Radartasik.com, JAKARTA — Sejumlah musisi tanah air, seperti Melly Goeslaw, Indra Lesmana, Once Mekel, Yovie Widianto, Thomas Ramdhan, Tompi, Endah Widiastuti, Iga Massardi, Bondan Prakoso, Sandhy Sondoro, dan lainnya kompak menyatakan sikap menolak Peraturan Pemerintah Republik Indonesia Nomor 56 Tahun 2021 dan Permenkumham Nomor 20 Tahun 2021 tentang Pengelolaan Royalti Hak Cipta Lagu dan/atau Musik.
Pasalnya mereka menilai peraturan tersebut bukannya membantu tata kelola industri musik Indonesia menjadi lebih baik dengan teknologi Sistem Informasi Musik dan Lagu (SILM). Sebaliknya, peraturan tersebut malah dinilai akan melanggengkan praktik pengambil-alihan fungsi negara oleh korporasi yang ditunjuk tanpa proses yang transparan dan akuntabel.

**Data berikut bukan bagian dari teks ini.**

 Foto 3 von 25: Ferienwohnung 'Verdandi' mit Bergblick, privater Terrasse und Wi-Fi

“Ketentuan dalam PP 56/2021 dan Permenkumham 20/2021 telah menyerahkan kewenangan yang sangat besar kepada korporasi. Apalagi penunjukan dilakukan secara tertutup, tidak transparan dan terindikasi mengandung konflik kepentingan. Tanpa melalui uji publik dan konsultasi dengan para pencipta dan para pemangku kepentingan yang lain,” kata Indra Lesmana selaku inisiator dari Aliansi Musisi Pencipta Lagu Indonesia (AMPLI).
Para musisi yang bergabung bersama Indra Lesmana dalam gerakan itu juga melayangkan penolakan karena korporasi tersebut mematok potongan 20 persen dari hasil royalti musik yang sebelumnya telah dipotong 20 persen oleh Lembaga Manajemen Kolektif (LMK). Artinya, terjadi pemotongan double yang melanggar undang undang.

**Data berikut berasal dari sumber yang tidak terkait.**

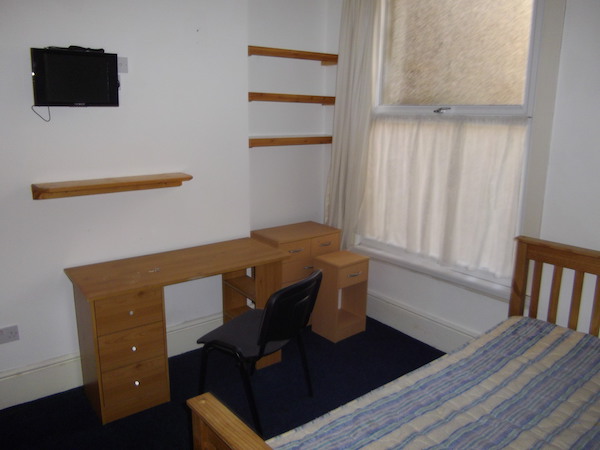 15 Hawthorne Avenue Swansea - image 10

“Royalti yang digunakan adalah hak-hak para musisi dan pencipta lagu,” katanya lebih lanjut.
Keberatan sejumlah musisi lainnya atas PP 56/2021, korporasi yang ditunjuk juga disebut menjalankan peran pelaksana harian dari Lembaga Manajemen Kolektif Nasional (LMKN) untuk menarik, menghimpun, dan mendistribusikan royalti yang kebijakannya diputuskan tanpa melibatkan musisi dan pencipta lagu.
“Faktanya saat ini, SILM tersebut belum dibuat tetapi korporasi sudah melakukan penarikan royalti. Sampai saat ini potensi royalti musik yang tidak diklaim jumlahnya sangat besar dan ini akan diklaim menjadi milik LMKN untuk digunakan sebagai dana operasional,” tutur Endah Widiastu. (jpg)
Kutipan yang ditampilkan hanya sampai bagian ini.